PROBLEM TO SOLVE » When the line with "The code and" turns up below, begin repeating exactly, and carry on through the line with "The Forward option"; no pictures go into the copy.

DATA SHOWN »
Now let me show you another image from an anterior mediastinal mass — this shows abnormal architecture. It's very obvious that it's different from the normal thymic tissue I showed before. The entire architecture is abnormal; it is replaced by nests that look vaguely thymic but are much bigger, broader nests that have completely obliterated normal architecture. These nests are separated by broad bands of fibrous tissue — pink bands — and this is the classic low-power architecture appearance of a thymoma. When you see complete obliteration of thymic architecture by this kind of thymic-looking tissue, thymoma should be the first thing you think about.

...

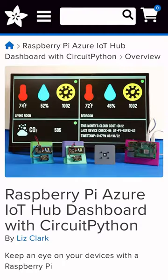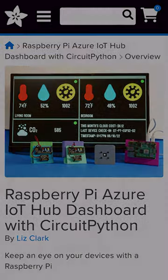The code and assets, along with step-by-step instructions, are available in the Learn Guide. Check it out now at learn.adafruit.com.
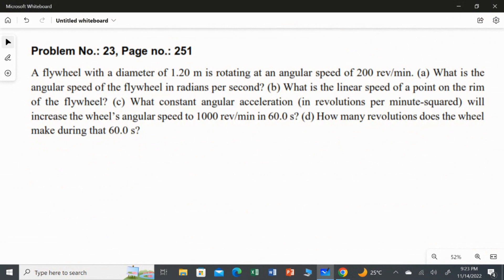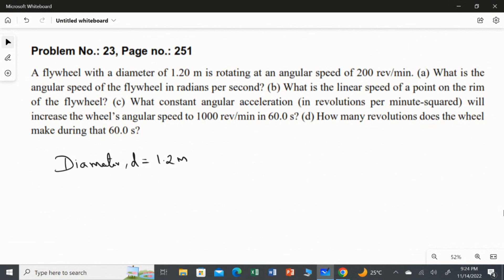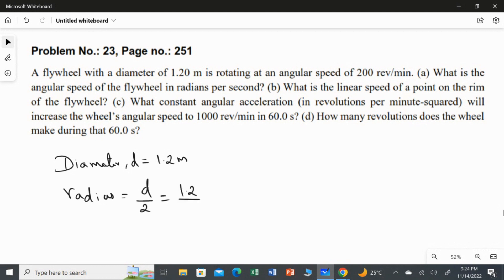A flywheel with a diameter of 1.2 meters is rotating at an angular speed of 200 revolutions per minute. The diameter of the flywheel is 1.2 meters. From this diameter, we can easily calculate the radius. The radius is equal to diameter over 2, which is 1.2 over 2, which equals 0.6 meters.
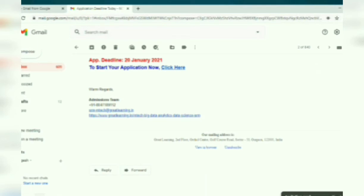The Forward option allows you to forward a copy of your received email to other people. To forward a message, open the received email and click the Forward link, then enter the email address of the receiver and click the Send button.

--

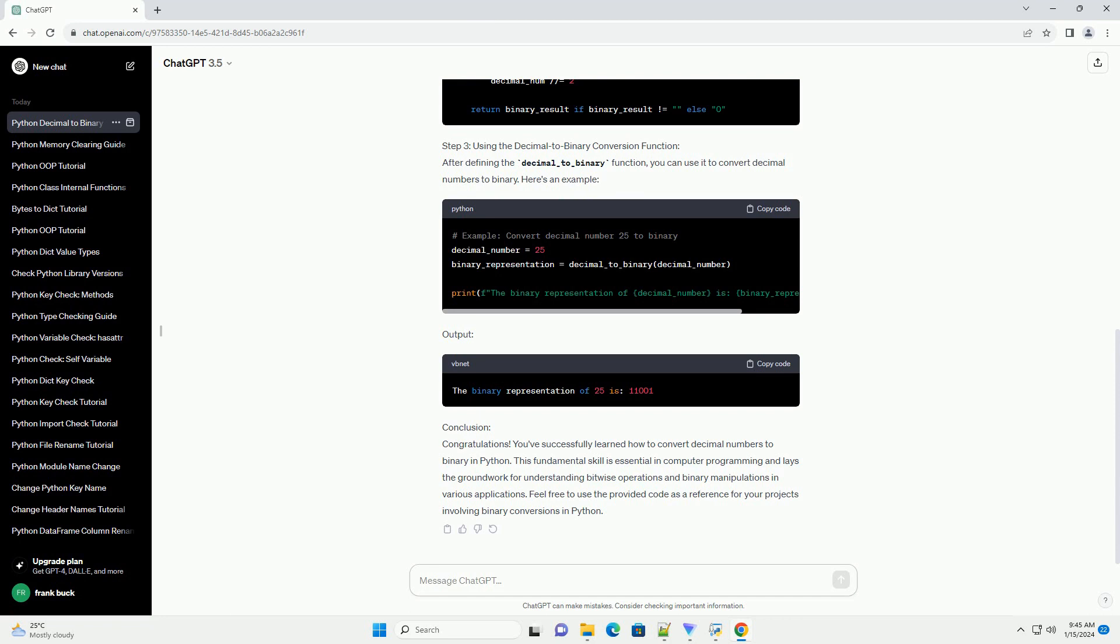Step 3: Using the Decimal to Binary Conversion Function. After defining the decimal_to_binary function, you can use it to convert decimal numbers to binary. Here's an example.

ANSWER TO THIS EXERCISE »
The code and assets, along with step-by-step instructions, are available in the Learn Guide. Check it out now at learn.adafruit.com.
A flywheel with a diameter of 1.2 meters is rotating at an angular speed of 200 revolutions per minute. The diameter of the flywheel is 1.2 meters. From this diameter, we can easily calculate the radius. The radius is equal to diameter over 2, which is 1.2 over 2, which equals 0.6 meters.
The Forward option allows you to forward a copy of your received email to other people. To forward a message, open the received email and click the Forward link, then enter the email address of the receiver and click the Send button.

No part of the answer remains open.